I can still remember the first time I heard this song, surprisingly clearly; I was in the upstairs living room of the house I grew up in — we called it the “TV room,” for some reason, despite the fact that we didn’t use it to watch TV, and for much of my childhood, there wasn’t even a TV in there — and it was summer, or at least sunny. I was listening to Jakki Brambles on Radio 1, and she was very excited to play this for… maybe the first time, perhaps? How much of this actually happened, versus how much I’ve imagined and convinced myself is true, is entirely open to conjecture.
The song, though, fits that period in my memory. It sounds dated and uncertain, as Weller rips off “Dear Prudence” and marries it to audio that sounds as if he was still trying to get over his Style Council days. Was he still technically calling himself “The Paul Weller Experience” at the time this was released as a single?

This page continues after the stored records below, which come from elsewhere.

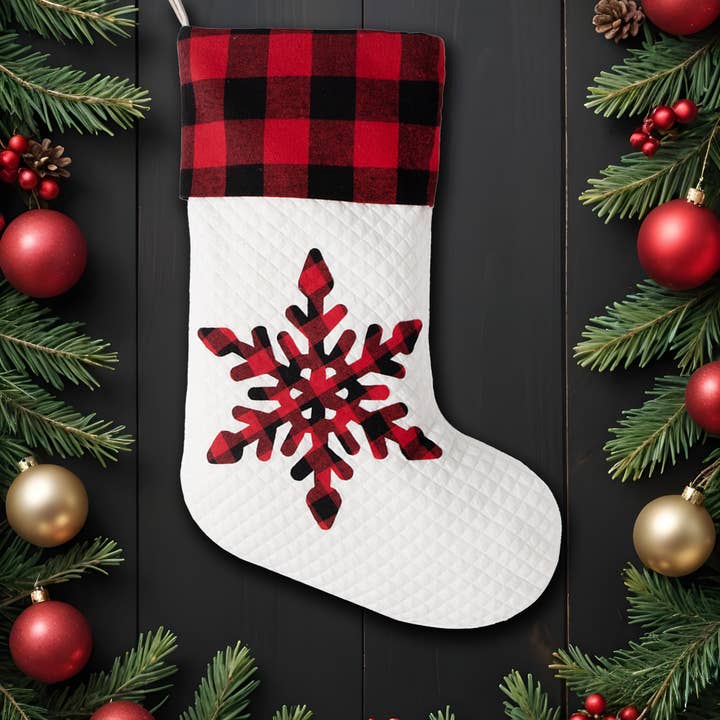 GEXWORLDWIDE - Wholesale Holiday Stocking - 2025 New Classic Red Black Plaid Christmas Stocking3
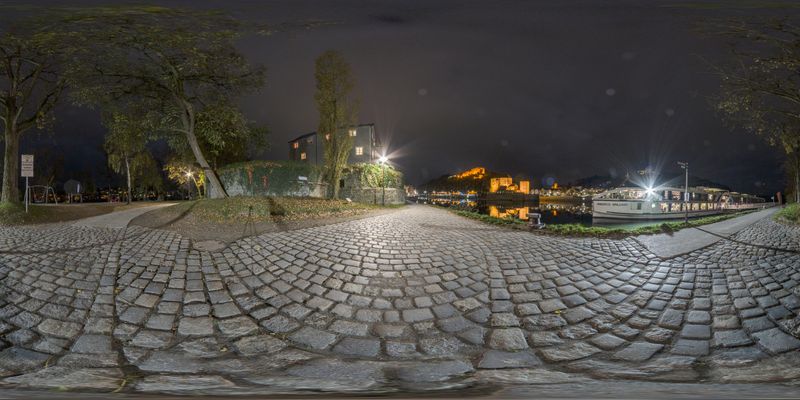 Cobbled Stone Path at Night Near a Town Street HDRi Maps and Backplates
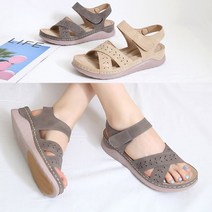 런슈즈 크로스 펀칭 스트랩 여성 웨지 쿠션샌들 4cm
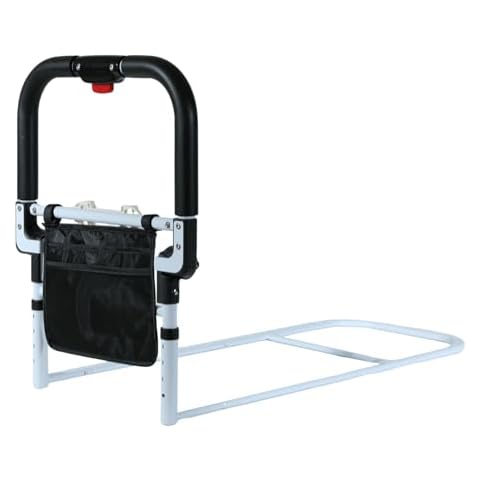 Bed Rails for Elderly Adults Safety, Foldable and Adjustable Bed Cane with Non-Slip Ergonomic Handle, Motion Light and Storage Pocket,Bed Assist Rails for Seniors,Handicap,Disable, White/Black Cover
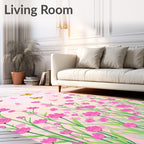 Pink Flowers Yellow Butterflies Garden Rug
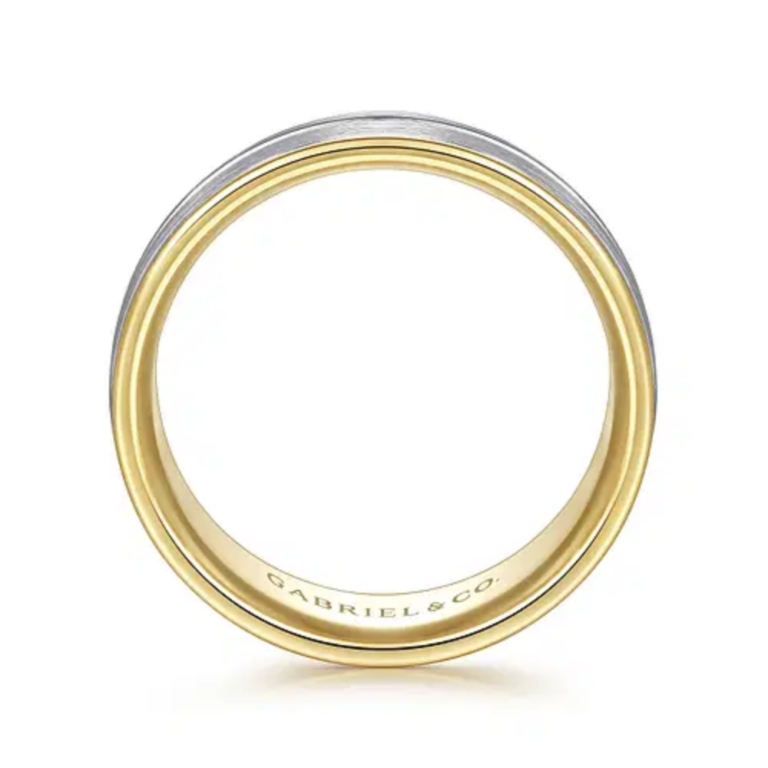 14K Two-Tone Gold 8mm – Satin Finish Grooved Channel Men’s Wedding Band Gabriel 24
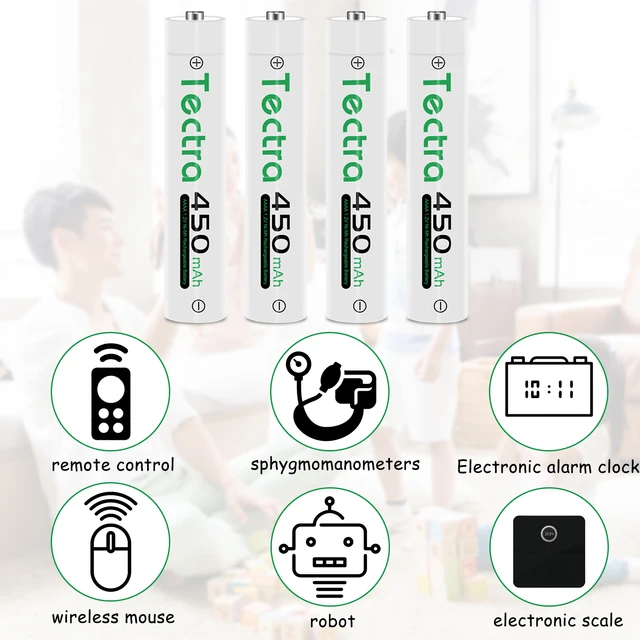 Batterie aste avec chargeur pour Dell, stylet, surface, stylo, réveils,  lampes de poche, 1.2V, 450mAh, uto AA, Ni-laissée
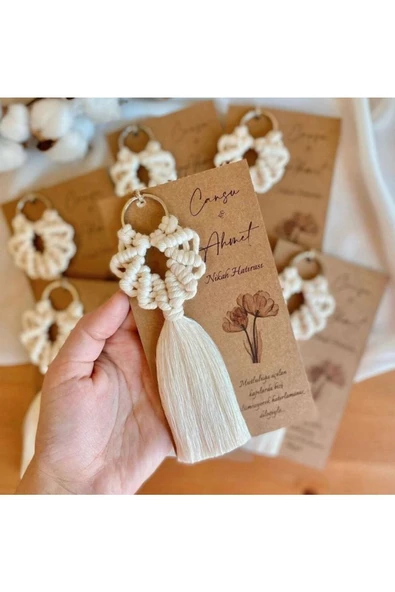 El Örmesi 100’lü Makrome Anahtarlık Düğün Kına Söz Için Hediyelik -100 Adet-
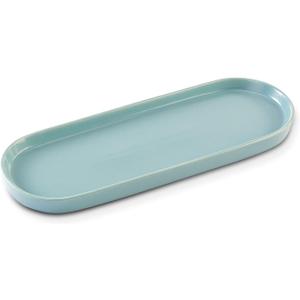 Simple Style Ceramic Sink Tray - Bathroom and Kitchen Cosmetics Dish, Candle and Perfume Tray (Blue)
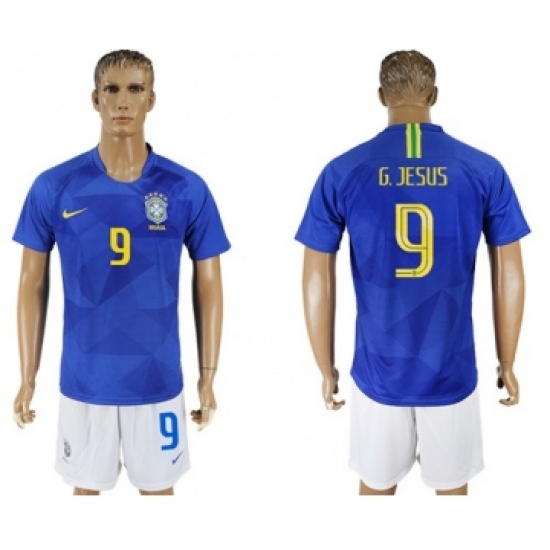 Brazil 9 G.Jesus Away Soccer Country Jersey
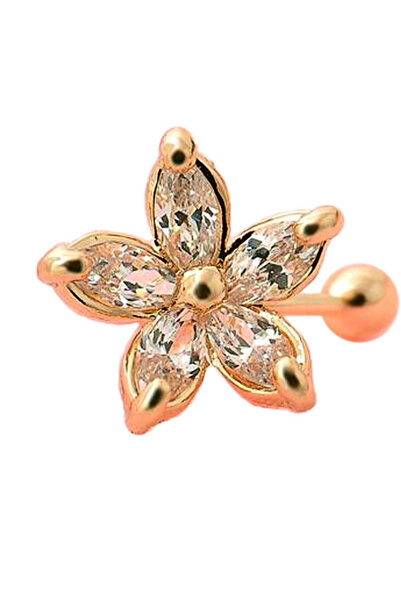 VeeShop Ear cuff earring, small flower with five crystals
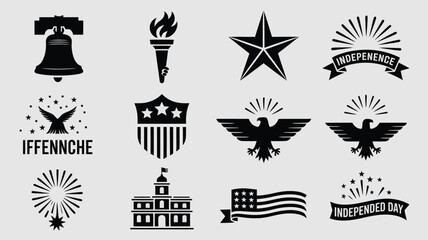 Obraz premium Patriotic holiday silhouettes including eagle wings capitol building and starburst designs.
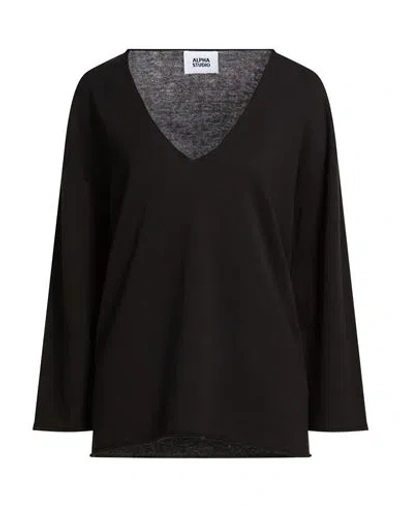 Alpha Studio Woman Sweater Black Size 6 Cotton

Perhaps.
All of that, from the awkward horn stabs to the early Brendan Lynch beeps and boops to the idea that “The Paul Weller Experience” was anything other than an embarrassment, make up the early 1990s as they exist in my head; an era of no-one quite knowing what anything is going to be, but trying out new things and seeing how they feel. It’s not the Paul Weller who became known as The Modfather just yet, but all the ingredients are there, waiting to be mixed right.
The same could be said for me at the time, perhaps, although I wouldn’t be mixed right for years after that (if it’s ever happened, I add, self-consciously). But I can’t help but feel as if this song was me, in a way, back then: Making tentative steps into the future and getting as much wrong as right in terms of what would stick around.
I love it more because of that personification, arguably (certainly) more than it deserves. It’s a song that even Weller fans would admit is one of his lesser singles, but every time I hear even a snippet of it, I find myself wanting to listen to the whole thing, remembering the uncertainty it represents with undisguised fondness.